At various points in time, Soroca was affected by wars with Tartars, Cossacks, Poles and Russians. Between 1684 and 1699, under control of the Poles, changes in Soroca were made. A deep moat was dug; a well was dug in the courtyard. 14 stone casemates inside . Gradually over time, with more stable rule, the town and its region lost military importance.

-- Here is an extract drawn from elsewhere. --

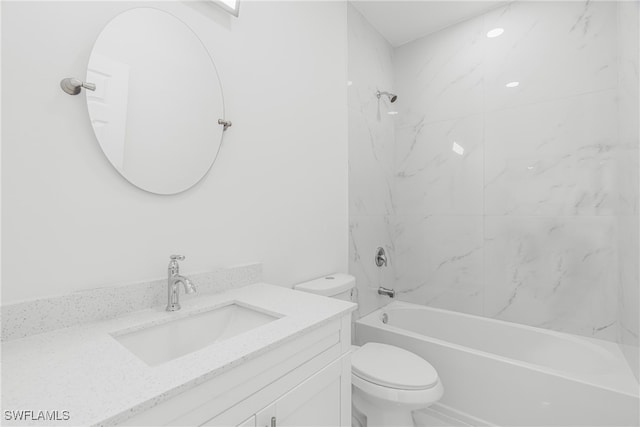 full bathroom featuring vanity, tiled shower / bath combo, and toilet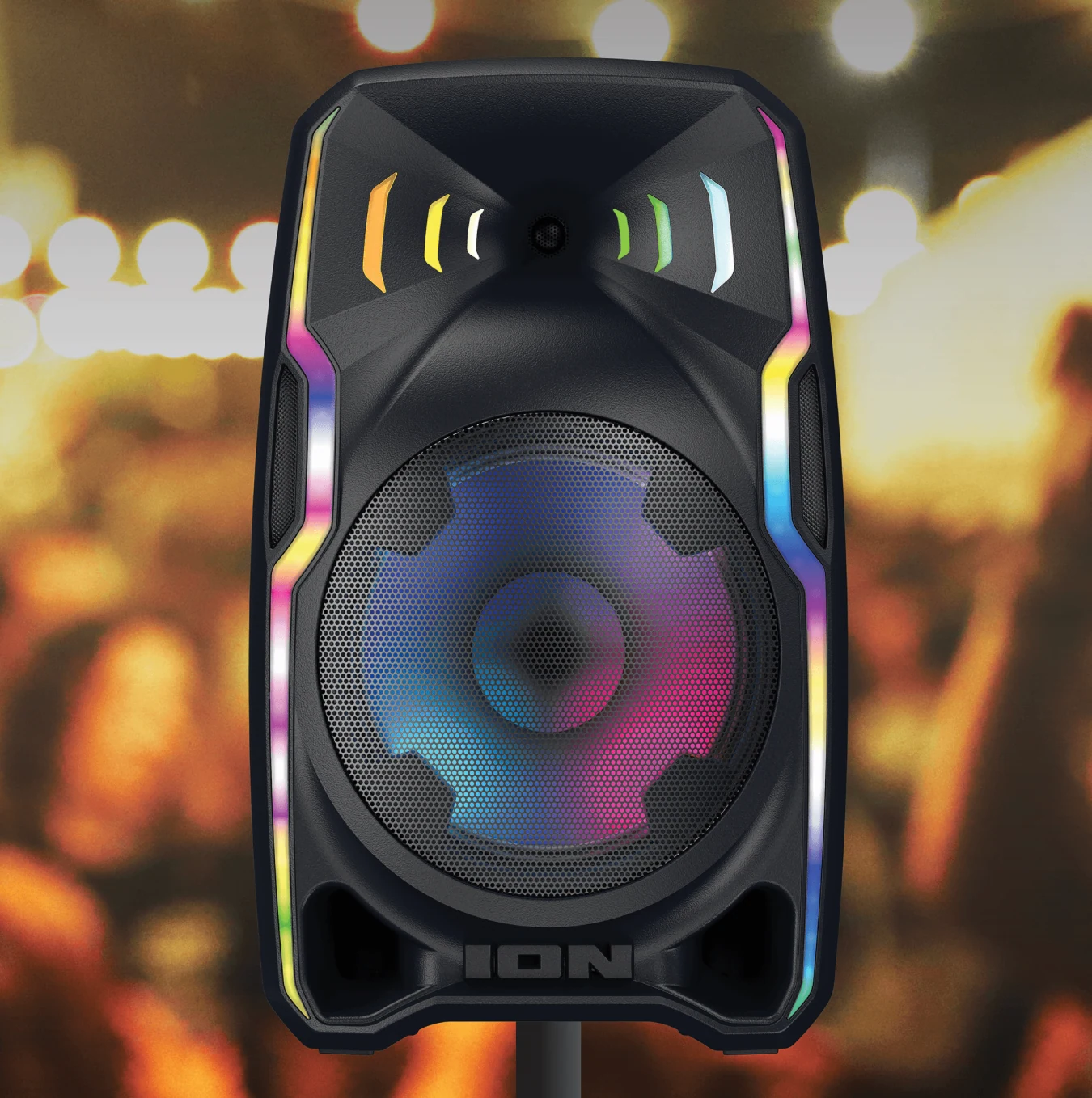 ION Total PA Apex on a stand with warm party lighting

===Soroca in the 19th and 20th centuries===
In 1812, Soroca was occupied by Russia. The population became more varied as Russians, Ukrainians and Jews moved to the region. From 1849 to 1917 Soroca was governed as part of the Bessarabia region of the Russian Empire. In 1918, at the conclusion of World War I, Bessarabia was made part of Romania. Until 1944, Soroca remained the administrative centre for this Romanian region. In 1944, as World War II reached its end, Soroca became part of the MSSR. Moldova became an independent state in 1991. Since then Soroca has regained the status of an administrative region of Moldova.

==Natural history==

===Geography===
The main geographical feature of Soroca is the Nistru Plateau. The terrain is hilly with deep valleys, dales and ravines. Other features include a gently rolling plain to the north west and the Raut and Nistru rivers. The highest points in Soroca are Vadeni Hill at 347m and the Visoca Hill at 330m.

===Soil===
The soil is grey or brown to the height of the Nistru prominence. In other areas, the soils are humic-calcareous, chernozem, alluvial soils or swampy. There are active processes of erosion, karst, torrents of mud and sometimes, landslides in the Soroca district.

===Climate===
The climate in Soroca is temperate-continental. Winter is usually mild and short with an average temperature of −5 to -6 C. Summer is long and warm with an average temperature of 20 to 21 C. The average annual rainfall is 485 mm. Soroca has a suitable climate for farming cereals, sugar beet, tobacco and also for horticulture.

===Fauna===
Fauna in the district is typical of steppe areas. In the Nistru basin there are 68 species of fish. Most of Moldova's 270 bird species are present. There is both natural and introduced wildlife. The introduced species include 19 types of mammal, 37 bird species and 7 types of reptile. Native creatures include foxes, hedgehogs, stone marten, deer, wild boar, raccoon dog and wolf.

===Flora===
7 percent of the district is forested. Common trees include oak, hornbeam, maple, linden, ash and elm. Beneath the trees are hawthorn, hazel, cocksfoot, honey bear and others.

===Natural resources===
Granite can be found in Cosăuți and building stone at Oclanda, Vărăncău, and Visoca. Cretaceous limestone and iron ores were discovered near the village of Vărăncău. Limestone, for instance in Visoca, is mined for chalk and chalk dust (which is used to make paint). Banks of chalk are also found throughout the Nistru, including in Cremenciug, Soroca, Vasilcău, Vărăncău, and Cerlina. The limestone is extracted in Visoca.

===Protected areas===
- Baxani forest
- Cosauti landscape reserve
- Hill "Casca" from Cremenciug
- Nistru threshold from Cosauti
- Reef mounds near Visoca
- Rudi-Arionesti landscape reserve

===Rivers===
The Nistru river creates 93 km of the eastern boundary of Soroca. The barrier of the Nistru plateau means the tributaries are short (15 to 25 km). Water from the Nistru river is used for irrigation, public supply and industry. Reservoirs have been constructed to meet public demand. There are also 64 natural reservoirs.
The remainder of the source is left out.